▸ **What to do**: Below are several entries. Transcribe exactly those lines that fall from the one with "皮肤疙瘩毛囊角化儿童胳膊小臂腿上长丘颗粒摸起来粗糙修复药" through the one with "Yangında Yüzü Yanan", end lines included.

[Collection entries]

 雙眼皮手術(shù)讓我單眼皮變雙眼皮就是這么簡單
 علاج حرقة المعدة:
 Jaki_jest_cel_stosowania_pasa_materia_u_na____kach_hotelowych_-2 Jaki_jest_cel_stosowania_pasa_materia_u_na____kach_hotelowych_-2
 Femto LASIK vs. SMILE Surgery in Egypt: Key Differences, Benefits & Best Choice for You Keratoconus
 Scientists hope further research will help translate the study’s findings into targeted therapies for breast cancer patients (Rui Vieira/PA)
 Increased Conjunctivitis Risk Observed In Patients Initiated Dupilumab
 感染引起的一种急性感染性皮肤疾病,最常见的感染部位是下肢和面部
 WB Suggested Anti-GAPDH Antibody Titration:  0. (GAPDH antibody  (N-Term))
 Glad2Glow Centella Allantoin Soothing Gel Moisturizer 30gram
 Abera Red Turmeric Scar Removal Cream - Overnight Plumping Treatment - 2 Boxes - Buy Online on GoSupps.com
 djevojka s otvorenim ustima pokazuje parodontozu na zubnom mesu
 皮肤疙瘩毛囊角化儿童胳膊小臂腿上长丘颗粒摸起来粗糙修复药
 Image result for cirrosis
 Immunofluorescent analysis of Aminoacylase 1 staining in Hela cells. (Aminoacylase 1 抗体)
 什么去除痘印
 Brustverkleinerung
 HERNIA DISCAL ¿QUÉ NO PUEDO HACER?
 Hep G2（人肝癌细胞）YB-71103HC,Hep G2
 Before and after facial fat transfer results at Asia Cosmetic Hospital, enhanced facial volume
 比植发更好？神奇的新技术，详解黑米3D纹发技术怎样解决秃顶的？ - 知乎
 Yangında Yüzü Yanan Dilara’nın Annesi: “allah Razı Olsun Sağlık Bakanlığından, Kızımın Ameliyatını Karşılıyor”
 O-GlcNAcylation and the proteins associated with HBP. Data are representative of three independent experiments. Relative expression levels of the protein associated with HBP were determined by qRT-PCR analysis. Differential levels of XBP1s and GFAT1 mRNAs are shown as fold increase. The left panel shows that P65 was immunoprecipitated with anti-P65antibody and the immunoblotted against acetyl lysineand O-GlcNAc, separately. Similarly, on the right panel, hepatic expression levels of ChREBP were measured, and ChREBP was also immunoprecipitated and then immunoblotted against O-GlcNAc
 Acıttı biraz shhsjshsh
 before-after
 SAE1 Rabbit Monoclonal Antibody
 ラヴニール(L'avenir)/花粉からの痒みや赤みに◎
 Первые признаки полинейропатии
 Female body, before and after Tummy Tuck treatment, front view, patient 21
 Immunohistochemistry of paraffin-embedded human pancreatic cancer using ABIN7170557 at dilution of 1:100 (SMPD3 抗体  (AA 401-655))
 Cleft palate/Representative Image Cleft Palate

▸ **Solved exercise**:
 皮肤疙瘩毛囊角化儿童胳膊小臂腿上长丘颗粒摸起来粗糙修复药
 Image result for cirrosis
 Immunofluorescent analysis of Aminoacylase 1 staining in Hela cells. (Aminoacylase 1 抗体)
 什么去除痘印
 Brustverkleinerung
 HERNIA DISCAL ¿QUÉ NO PUEDO HACER?
 Hep G2（人肝癌细胞）YB-71103HC,Hep G2
 Before and after facial fat transfer results at Asia Cosmetic Hospital, enhanced facial volume
 比植发更好？神奇的新技术，详解黑米3D纹发技术怎样解决秃顶的？ - 知乎
 Yangında Yüzü Yanan Dilara’nın Annesi: “allah Razı Olsun Sağlık Bakanlığından, Kızımın Ameliyatını Karşılıyor”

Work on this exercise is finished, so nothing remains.